### Your objective
The expected output is exactly the lines below, starting at the line with "5 Bedroom Stand-alone" and ending at the line with "La Femme Dress 32304", both included; no other line belongs in it.

Data records Block Start

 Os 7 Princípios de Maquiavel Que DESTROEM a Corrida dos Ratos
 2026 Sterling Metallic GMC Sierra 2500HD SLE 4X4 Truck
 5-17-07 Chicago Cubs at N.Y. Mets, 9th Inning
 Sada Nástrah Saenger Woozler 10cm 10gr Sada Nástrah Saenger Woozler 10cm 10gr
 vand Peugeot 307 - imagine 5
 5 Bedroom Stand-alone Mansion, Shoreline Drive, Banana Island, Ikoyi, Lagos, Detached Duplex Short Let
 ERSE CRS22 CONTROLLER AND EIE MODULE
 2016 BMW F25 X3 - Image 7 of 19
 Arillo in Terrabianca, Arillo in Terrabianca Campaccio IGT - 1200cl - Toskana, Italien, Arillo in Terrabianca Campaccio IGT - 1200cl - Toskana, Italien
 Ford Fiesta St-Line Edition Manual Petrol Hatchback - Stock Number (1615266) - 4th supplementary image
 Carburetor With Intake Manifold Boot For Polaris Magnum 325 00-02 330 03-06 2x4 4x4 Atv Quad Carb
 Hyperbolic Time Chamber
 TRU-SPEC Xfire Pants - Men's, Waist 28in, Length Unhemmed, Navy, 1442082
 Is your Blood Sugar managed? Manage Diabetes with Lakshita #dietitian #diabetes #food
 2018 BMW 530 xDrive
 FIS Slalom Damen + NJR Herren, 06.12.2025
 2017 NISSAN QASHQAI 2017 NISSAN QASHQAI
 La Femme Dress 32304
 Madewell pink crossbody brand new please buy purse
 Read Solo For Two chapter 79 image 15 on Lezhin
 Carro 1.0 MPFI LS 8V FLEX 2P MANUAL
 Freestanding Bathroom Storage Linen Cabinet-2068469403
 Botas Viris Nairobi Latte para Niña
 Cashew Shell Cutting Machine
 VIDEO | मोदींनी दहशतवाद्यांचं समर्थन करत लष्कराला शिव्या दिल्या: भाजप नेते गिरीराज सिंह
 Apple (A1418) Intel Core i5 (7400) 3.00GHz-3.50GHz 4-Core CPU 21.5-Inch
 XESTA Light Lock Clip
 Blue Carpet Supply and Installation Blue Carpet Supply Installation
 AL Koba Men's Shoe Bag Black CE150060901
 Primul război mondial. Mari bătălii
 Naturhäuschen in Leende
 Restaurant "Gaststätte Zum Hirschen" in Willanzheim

Data records Block End

### Exercise output
 5 Bedroom Stand-alone Mansion, Shoreline Drive, Banana Island, Ikoyi, Lagos, Detached Duplex Short Let
 ERSE CRS22 CONTROLLER AND EIE MODULE
 2016 BMW F25 X3 - Image 7 of 19
 Arillo in Terrabianca, Arillo in Terrabianca Campaccio IGT - 1200cl - Toskana, Italien, Arillo in Terrabianca Campaccio IGT - 1200cl - Toskana, Italien
 Ford Fiesta St-Line Edition Manual Petrol Hatchback - Stock Number (1615266) - 4th supplementary image
 Carburetor With Intake Manifold Boot For Polaris Magnum 325 00-02 330 03-06 2x4 4x4 Atv Quad Carb
 Hyperbolic Time Chamber
 TRU-SPEC Xfire Pants - Men's, Waist 28in, Length Unhemmed, Navy, 1442082
 Is your Blood Sugar managed? Manage Diabetes with Lakshita #dietitian #diabetes #food
 2018 BMW 530 xDrive
 FIS Slalom Damen + NJR Herren, 06.12.2025
 2017 NISSAN QASHQAI 2017 NISSAN QASHQAI
 La Femme Dress 32304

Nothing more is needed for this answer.